Re: creationist debate, this is the main reason I'm not hung up on insisting Gen 1 needs to be historical. Nor that holding uniformitarianism means either denying miraculous creation or denying God's involvement in the world (i.e. materialism). It's the high medieval era that gave birth to modern science while PROMINENTLY holding the view of God as the ground, the sustainer, and the telos of the whole cosmos.
This is the medieval view of the cosmos and is STILL relevant today (after excising the Aristotelian speculative science), with C.S. Lewis as the 20th century example showing how 21st century can both be Biblically faithful (although may not to your standard) and see perfect harmony between faith and reason.
 
 
1 hour later…
6:34 PM
@GratefulDisciple The irony of uniformitarianism is that it's utterly debunked. Lyell told us Earth had to be hundreds of thousands of years old, but his evidence for that is thoroughly discredited these days. Atheists, however, (and Darwin in particular) have taken the idea and run with it in order to tell a quasi-plausible story about how life doesn't need God.

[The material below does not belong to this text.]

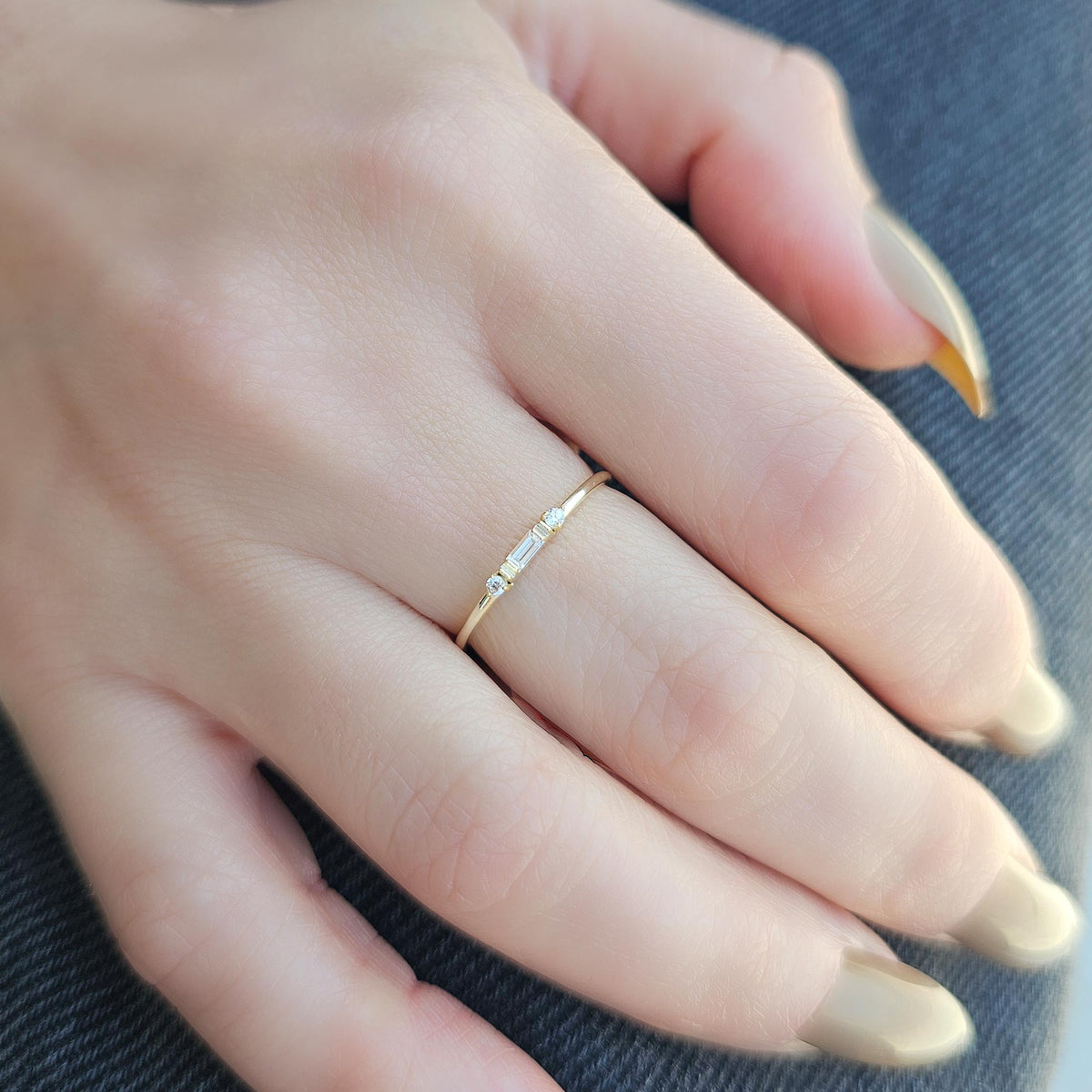 Gold bezel baguette ring on raised hand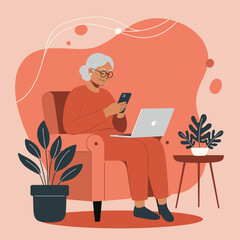 Smiling senior woman in earbuds uses her smartphone and laptop from a comfy armchair at home. Represents modern aging, digital connection, and cozy lifestyle.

That reasoning, however, is almost entirely some combination of a) circular reasoning or b) building on top of foundations that no longer exist. (With a healthy dose of "how can we paint God out of the picture?", of course.)
(To be clear, I'm using "uniformitarianism" in the preceding comment in it's "no such thing as catastrophism" sense, not in the more usual sense of implying billions of years.)
 
 
3 hours later…
9:15 PM
@Matthew Responding in your other room ...
 
 
2 hours later…
10:56 PM
Bro literally keeps repeating the same arguments I've stomped into the ground countless times by now
 
11:17 PM
@冥王Hades Yes, he does :-). BTW, this Nick Spencer (author of Darwin's Religious Beliefs), is also director of Theos which sponsors an annual lecture series. The 2022 is by historian Tom Holland called Humanism: a Christian heresy, Video and transcript here.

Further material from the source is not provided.